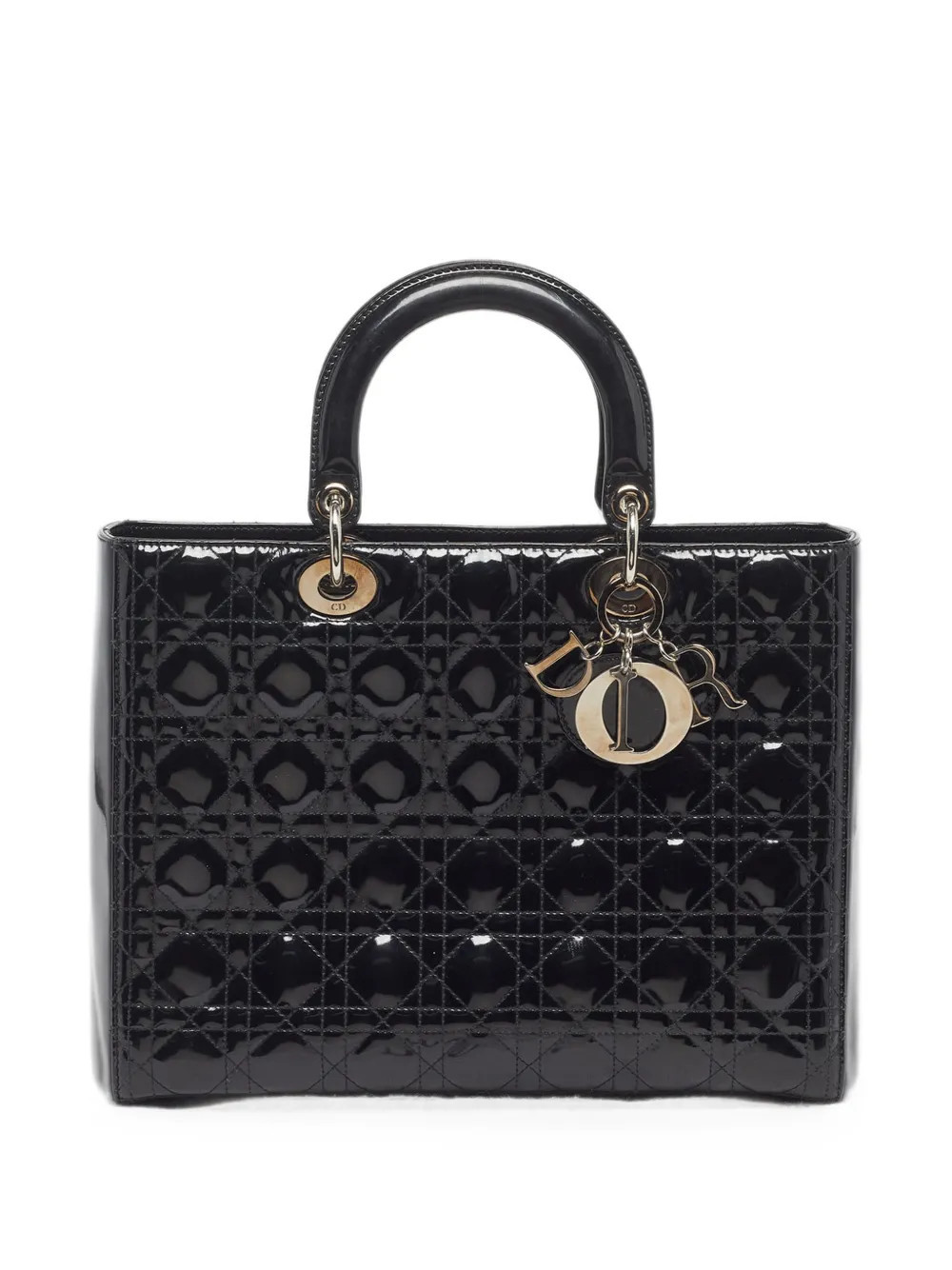 Christian Dior Pre-Owned 2010 Lady Dior Cannage leather tote bag - Black | Farfetch Global
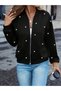 Women's Long Sleeve Front Zipper Pearl Short Modal Jacket - 5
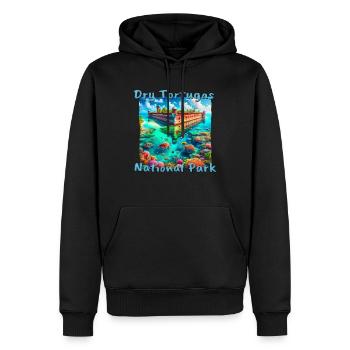 Dry Tortugas Nationalpark Florida – Grunge-Stil - Männer Premium Bio Hoodie - Schwarz - Vorne - Nico (187cm)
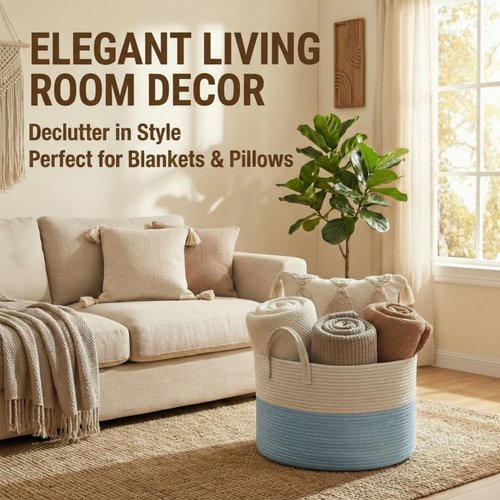 JMvicyroam 65L Extra Large Blanket Basket - Woven Cotton Rope Laundry Hamper with Reinforced Handles | Machine Washable, White & Blue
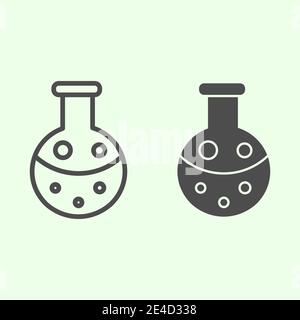 Ligne de réactif et icône pleine. Flacon de laboratoire de chimie avec pictogramme de type contour liquide sur fond blanc. La technologie scientifique signe le concept mobile Illustration de Vecteur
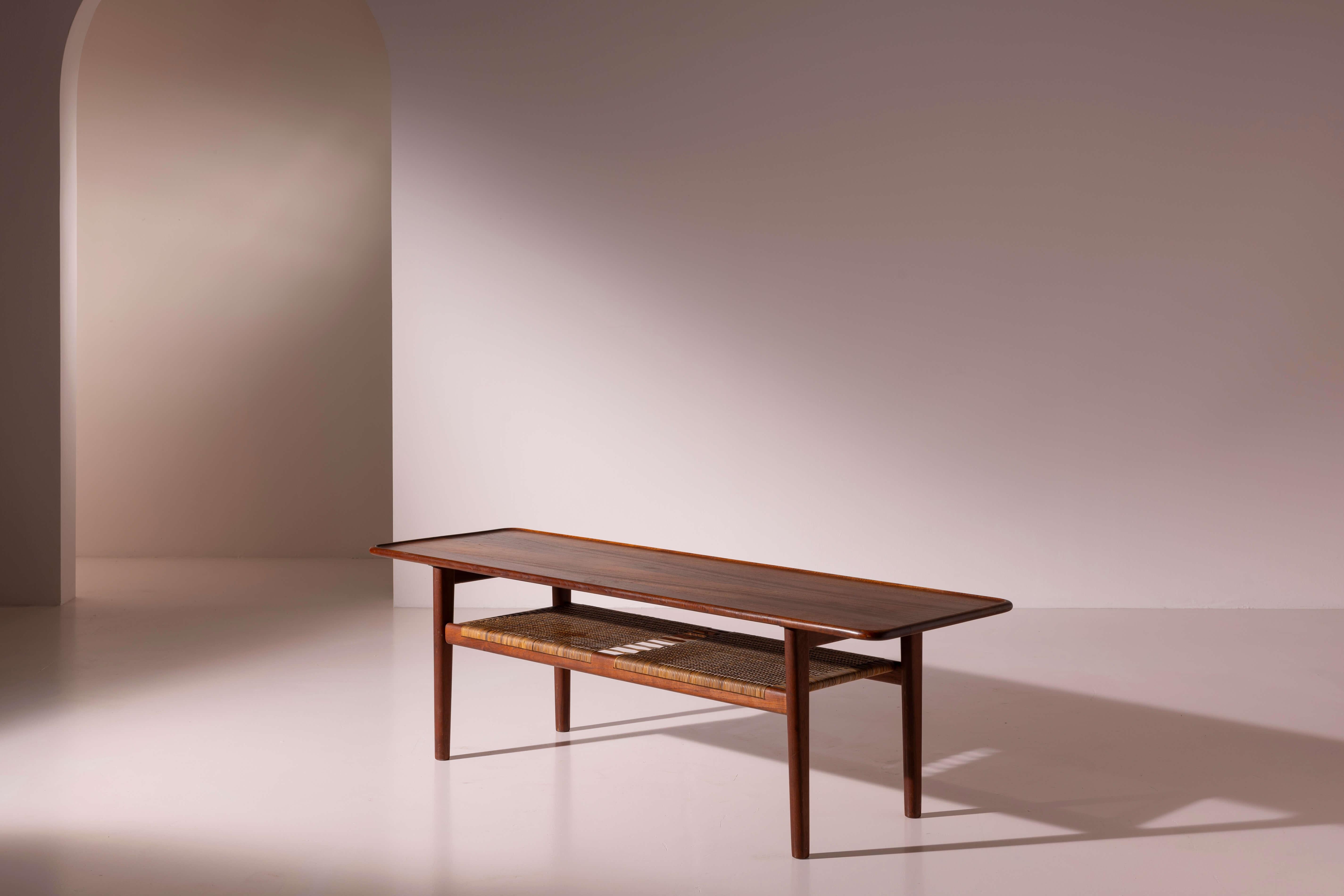 Hans J. Wegner coffee Table model AT-10 in Teak and Cane by Andreas Tuck, 1950s For Sale 2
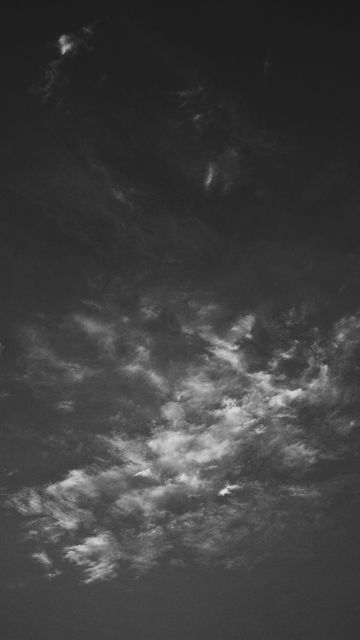 This monochrome image of a night sky featuring wispy clouds creates a moody and atmospheric scene. It can be used in projects that require a dramatic or artistic background, such as book covers, digital art, website headers, or atmospheric wallpaper.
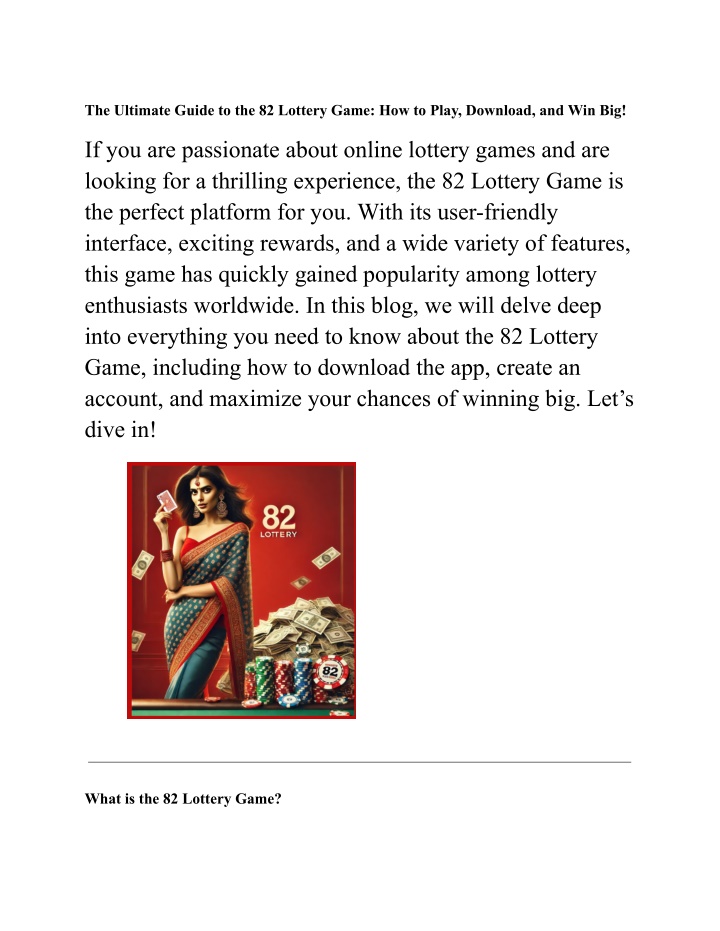 the ultimate guide to the 82 lottery game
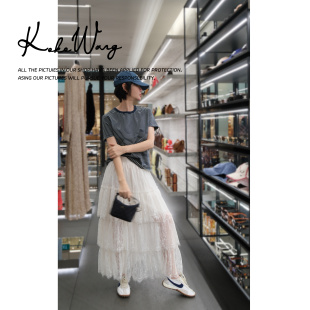 KOKO WANG早春高级感橡筋腰头显瘦层层蕾丝蛋糕半身裙N0685L08Q52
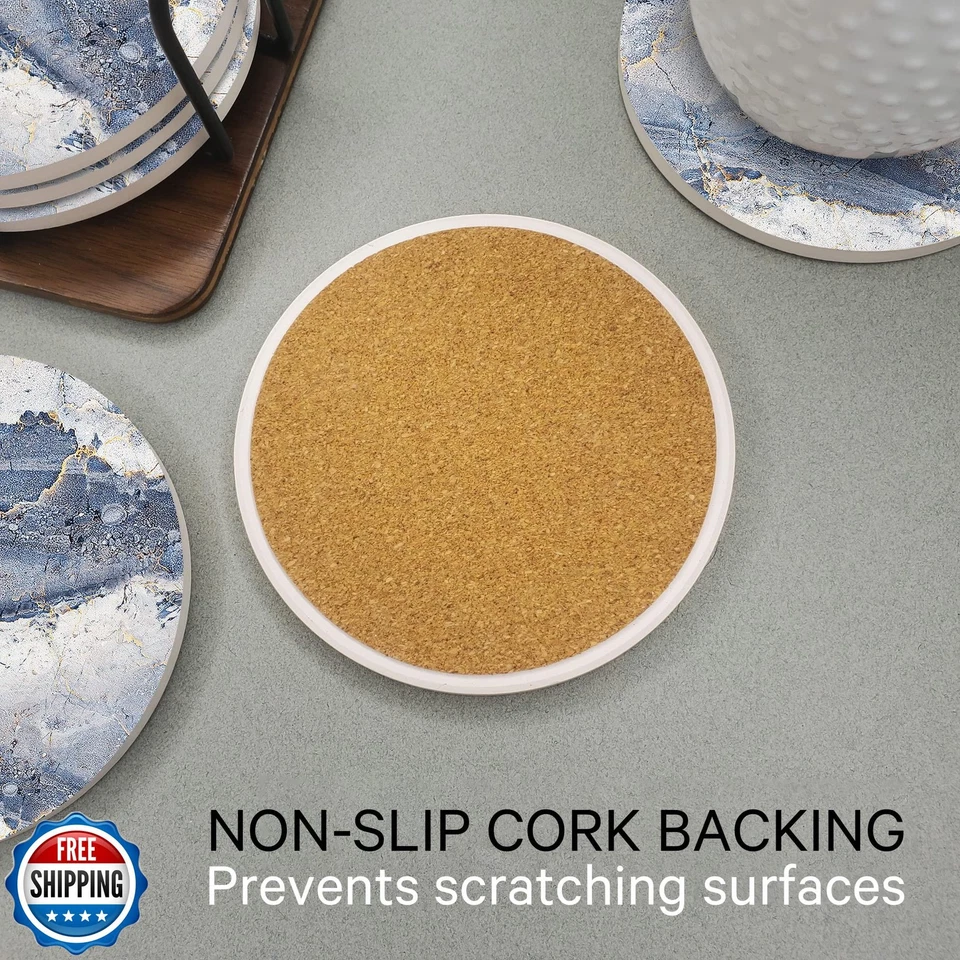 Emerson Essentials подставки для напитков абсорбент с держателем, набор из 6, пробка  - Изображение 4 из 4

****************

[Directions for this task] If a line falls between the one containing "Ligne de réactif" and the last line of the entries above, both included, reproduce it exactly; leave the pictures out.

[Exercise answer]
 Ligne de réactif et icône pleine. Flacon de laboratoire de chimie avec pictogramme de type contour liquide sur fond blanc. La technologie scientifique signe le concept mobile Illustration de Vecteur
 Hans J. Wegner coffee Table model AT-10 in Teak and Cane by Andreas Tuck, 1950s For Sale 2
 This monochrome image of a night sky featuring wispy clouds creates a moody and atmospheric scene. It can be used in projects that require a dramatic or artistic background, such as book covers, digital art, website headers, or atmospheric wallpaper.
 the ultimate guide to the 82 lottery game
 KOKO WANG早春高级感橡筋腰头显瘦层层蕾丝蛋糕半身裙N0685L08Q52
 Emerson Essentials подставки для напитков абсорбент с держателем, набор из 6, пробка  - Изображение 4 из 4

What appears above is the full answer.